Lustri et al. (2024) described additional specimens, which revealed its opisthosoma and ventral appendages that indicating its offacolid affinity. The prosoma possess a pair of elongated chelicerae (pincer-like mouthparts) followed by five pairs of legs. At least the first four pairs of legs are biramous (two-branched), bearing well developed exopod (upper branch) at the top of each endopod (leg-like inner branch). Further details of the prosomal appendages are obscured. The opisthosoma has 11 somites (body segments) covered by tergites (dorsal exoskeleton), with the seventh to tenth tergite possess triangular pleural (lateral) spines. The first opisthosomal somite bearing a pair of paddle-like uniramous (unbranched) exopods. There are traces of other opisthosomal appendages up to the seventh opisthosomal somite but mostly unpreserved. underneath its posterior somites there is a ventral pretelsonic process.

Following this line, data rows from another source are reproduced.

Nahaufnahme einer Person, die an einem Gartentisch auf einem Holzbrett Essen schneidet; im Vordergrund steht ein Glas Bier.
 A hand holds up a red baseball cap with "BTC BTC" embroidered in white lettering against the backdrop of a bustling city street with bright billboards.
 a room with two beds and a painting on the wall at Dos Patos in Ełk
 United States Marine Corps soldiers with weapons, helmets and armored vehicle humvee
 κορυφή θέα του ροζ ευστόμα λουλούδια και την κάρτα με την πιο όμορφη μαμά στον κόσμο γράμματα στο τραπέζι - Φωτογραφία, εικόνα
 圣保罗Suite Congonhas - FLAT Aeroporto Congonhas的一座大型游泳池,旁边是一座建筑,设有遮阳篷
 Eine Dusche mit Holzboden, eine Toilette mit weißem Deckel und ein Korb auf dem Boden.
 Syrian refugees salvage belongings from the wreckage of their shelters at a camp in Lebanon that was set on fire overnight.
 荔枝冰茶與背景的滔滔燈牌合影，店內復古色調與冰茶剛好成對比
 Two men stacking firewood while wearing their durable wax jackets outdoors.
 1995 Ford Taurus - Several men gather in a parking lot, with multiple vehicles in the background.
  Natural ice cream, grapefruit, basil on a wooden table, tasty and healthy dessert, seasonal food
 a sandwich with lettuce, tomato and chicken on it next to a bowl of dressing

It is relatively large as an offacolid, measuring up to 32 mm in body length (excluding telson).

== Taxonomy ==
Bunaia is a synziphosurine, a paraphyletic group of fossil chelicerate arthropods. After the revision done in 2013, Bunaia was tentatively placed as part of the clade Planaterga, However the aforementioned 2024 study found it to be within Offacolidae, a basal group of euchelicerates.

The placement of "Bunaia" heintzi (known only by a single carapace from the Silurian period in the United States) within this genus has been questioned.